EXERCISE DESCRIPTION =
Reproduce exactly, from the data that follows, the line with "Collier à disques", the line with "Lot of 2-Sharpie", and every line that lies between them.

Collected data entries

■ ■ ■ ■

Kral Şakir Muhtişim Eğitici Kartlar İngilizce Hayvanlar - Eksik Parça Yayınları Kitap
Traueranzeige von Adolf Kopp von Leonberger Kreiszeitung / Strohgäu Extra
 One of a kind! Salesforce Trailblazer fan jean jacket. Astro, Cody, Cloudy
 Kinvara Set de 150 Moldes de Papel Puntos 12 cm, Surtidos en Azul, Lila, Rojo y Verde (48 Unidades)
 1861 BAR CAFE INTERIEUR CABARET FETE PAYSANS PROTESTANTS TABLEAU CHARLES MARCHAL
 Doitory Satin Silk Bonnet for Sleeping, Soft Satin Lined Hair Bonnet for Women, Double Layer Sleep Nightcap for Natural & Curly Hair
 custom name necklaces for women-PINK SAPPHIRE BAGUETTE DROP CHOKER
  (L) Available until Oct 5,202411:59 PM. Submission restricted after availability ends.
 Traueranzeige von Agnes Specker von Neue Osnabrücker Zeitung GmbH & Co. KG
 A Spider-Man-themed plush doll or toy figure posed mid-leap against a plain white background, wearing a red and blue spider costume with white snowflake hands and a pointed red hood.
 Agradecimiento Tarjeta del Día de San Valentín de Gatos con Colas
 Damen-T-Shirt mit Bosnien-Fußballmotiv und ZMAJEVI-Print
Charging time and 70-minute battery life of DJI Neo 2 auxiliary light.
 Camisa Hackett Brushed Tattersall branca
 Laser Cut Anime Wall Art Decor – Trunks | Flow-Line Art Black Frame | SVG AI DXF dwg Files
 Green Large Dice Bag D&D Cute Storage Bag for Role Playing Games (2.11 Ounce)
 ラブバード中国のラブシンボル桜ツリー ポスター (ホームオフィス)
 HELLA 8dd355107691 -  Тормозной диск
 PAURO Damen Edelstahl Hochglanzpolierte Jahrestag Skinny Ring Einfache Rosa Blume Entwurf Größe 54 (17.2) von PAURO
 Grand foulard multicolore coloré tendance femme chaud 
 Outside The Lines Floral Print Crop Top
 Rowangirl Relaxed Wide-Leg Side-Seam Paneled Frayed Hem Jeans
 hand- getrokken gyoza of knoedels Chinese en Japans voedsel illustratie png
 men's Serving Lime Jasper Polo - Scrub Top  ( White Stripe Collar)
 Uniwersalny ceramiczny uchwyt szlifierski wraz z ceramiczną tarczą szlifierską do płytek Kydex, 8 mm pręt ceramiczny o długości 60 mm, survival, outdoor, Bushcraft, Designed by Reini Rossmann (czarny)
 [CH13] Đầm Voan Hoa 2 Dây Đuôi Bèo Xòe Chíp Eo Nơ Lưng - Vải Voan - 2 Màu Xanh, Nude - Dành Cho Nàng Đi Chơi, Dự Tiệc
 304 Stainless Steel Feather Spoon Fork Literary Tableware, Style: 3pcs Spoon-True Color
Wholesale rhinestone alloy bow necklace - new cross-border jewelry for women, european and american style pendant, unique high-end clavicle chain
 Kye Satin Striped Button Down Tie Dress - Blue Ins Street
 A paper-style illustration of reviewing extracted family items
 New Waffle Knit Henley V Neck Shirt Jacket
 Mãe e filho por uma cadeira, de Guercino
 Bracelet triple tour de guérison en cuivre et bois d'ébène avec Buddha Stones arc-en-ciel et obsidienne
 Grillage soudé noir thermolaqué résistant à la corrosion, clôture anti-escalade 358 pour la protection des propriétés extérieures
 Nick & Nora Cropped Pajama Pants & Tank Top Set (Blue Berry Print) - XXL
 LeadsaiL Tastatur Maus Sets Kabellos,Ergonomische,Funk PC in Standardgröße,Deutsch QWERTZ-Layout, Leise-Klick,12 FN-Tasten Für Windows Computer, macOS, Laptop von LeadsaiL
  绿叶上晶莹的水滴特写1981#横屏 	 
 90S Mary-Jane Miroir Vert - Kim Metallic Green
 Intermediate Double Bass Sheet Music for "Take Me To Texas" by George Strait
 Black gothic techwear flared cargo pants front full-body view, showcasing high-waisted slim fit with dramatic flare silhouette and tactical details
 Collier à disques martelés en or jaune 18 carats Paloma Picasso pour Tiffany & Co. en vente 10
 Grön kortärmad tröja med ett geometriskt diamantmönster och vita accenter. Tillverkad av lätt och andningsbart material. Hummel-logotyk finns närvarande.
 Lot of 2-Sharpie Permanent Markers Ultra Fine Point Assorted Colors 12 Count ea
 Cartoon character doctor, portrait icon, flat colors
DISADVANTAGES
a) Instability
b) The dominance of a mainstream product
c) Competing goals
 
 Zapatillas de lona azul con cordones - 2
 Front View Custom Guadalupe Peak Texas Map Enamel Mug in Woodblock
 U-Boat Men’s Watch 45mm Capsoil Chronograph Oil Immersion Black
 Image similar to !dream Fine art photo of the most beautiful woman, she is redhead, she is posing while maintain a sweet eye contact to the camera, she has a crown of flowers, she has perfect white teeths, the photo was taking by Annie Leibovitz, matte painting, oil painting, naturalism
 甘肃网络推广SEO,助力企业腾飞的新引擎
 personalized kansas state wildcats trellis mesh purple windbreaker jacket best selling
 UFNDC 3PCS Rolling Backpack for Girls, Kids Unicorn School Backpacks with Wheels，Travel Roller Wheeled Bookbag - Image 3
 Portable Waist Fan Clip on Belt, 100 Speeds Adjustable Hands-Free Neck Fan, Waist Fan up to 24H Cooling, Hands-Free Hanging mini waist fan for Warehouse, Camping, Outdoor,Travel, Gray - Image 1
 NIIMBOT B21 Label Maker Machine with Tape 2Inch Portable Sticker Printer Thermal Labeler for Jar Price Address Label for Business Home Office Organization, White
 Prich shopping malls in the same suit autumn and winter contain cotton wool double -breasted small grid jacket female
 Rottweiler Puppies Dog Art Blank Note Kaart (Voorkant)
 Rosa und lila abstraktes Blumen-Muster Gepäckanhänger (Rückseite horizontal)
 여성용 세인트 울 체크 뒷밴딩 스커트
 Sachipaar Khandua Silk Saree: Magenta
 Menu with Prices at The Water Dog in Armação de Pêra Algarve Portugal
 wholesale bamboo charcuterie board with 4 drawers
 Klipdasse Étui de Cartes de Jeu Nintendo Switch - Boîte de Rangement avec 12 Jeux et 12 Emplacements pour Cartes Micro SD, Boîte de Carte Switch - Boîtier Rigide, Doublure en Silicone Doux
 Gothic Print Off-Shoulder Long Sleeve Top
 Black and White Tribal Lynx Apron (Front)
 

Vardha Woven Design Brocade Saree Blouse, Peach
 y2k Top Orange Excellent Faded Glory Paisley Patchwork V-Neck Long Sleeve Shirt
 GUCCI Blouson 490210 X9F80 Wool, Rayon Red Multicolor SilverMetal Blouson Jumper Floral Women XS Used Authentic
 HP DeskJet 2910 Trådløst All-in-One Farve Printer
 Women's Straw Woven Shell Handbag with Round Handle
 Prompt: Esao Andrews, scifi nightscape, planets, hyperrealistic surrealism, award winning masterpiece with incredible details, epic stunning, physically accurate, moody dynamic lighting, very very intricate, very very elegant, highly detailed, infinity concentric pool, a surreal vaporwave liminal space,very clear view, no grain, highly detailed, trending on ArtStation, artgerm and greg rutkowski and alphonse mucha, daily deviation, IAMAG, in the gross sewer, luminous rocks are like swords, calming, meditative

■ ■ ■ ■

RESPONSE BOX =
 Collier à disques martelés en or jaune 18 carats Paloma Picasso pour Tiffany & Co. en vente 10
 Grön kortärmad tröja med ett geometriskt diamantmönster och vita accenter. Tillverkad av lätt och andningsbart material. Hummel-logotyk finns närvarande.
 Lot of 2-Sharpie Permanent Markers Ultra Fine Point Assorted Colors 12 Count ea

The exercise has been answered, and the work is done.